Fuel subsidies are not set in stone, however, and the unlikely example of Iran shows one way forward. In December 2010 the president in Tehran announced economic “surgery” in the form of new tariffs for liquid fuels, water and some food products. The increases removed up to $60bn in annual product subsidies. The government had wisely prepared for its reform: before the tariffs were raised, almost 80 percent of the Iranian population had received compensatory payments in specially created bank accounts.
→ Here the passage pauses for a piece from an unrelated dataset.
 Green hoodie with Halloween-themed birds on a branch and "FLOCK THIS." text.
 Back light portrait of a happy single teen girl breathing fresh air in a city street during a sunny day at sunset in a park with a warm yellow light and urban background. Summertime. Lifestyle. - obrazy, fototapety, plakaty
Over a period of 12 months, the savings from the subsidy reduction were balanced by about $30bn in compensatory payments and by up to $15bn in government support for businesses investing in energy efficiency.
The Iranian government’s reform was underpinned by its use of public relations. It pushed hard the argument that the regime of product subsidies was not “pro-poor”, and persuaded academics, representatives of the business sector, the social media and the mosques to lend their support. Their point was that subsidies were not harmful if targeted on low-income households but that they were wasteful if attached indiscriminately to products such as liquid fuels and bread. We can see the success of this strategy in the fact that its opponents did not question the merit of the reform but claimed that the government would be unable to deliver. The central bank also had a role in that it pledged to provide the necessary liquidity for the commercial banks.
We can hear reasons why the FGN would have difficulties in following the Iranian example. For example, we could highlight the limited coverage of the banks across the country and claim that it would not be able to make the compensatory payments to reassure the population. In reply, we could point to the potential of mobile money, which is now beginning to take off. More than three times the number of Nigerians have mobiles than bank accounts, so it should be possible before too long to make the payments.
The removal of blanket fuel subsidies is a challenge which has defeated both civilian and military governments in Nigeria in the past. Yet the example of Iran demonstrates that the challenge can be overcome with advance planning, judicious use of public relations and support from independent groups to push the argument. There is a sizeable credibility gap in Nigeria: many people do not trust the government and have to be convinced over time. There is a case for targeted subsidies for certain households such as were put in place with the “cost reflective” electricity tariff introduced in July 2012. In our view, there is no case for product subsidies, and we hope that the government formed after the elections in 2015 will move to deregulation and sit out the expected protest.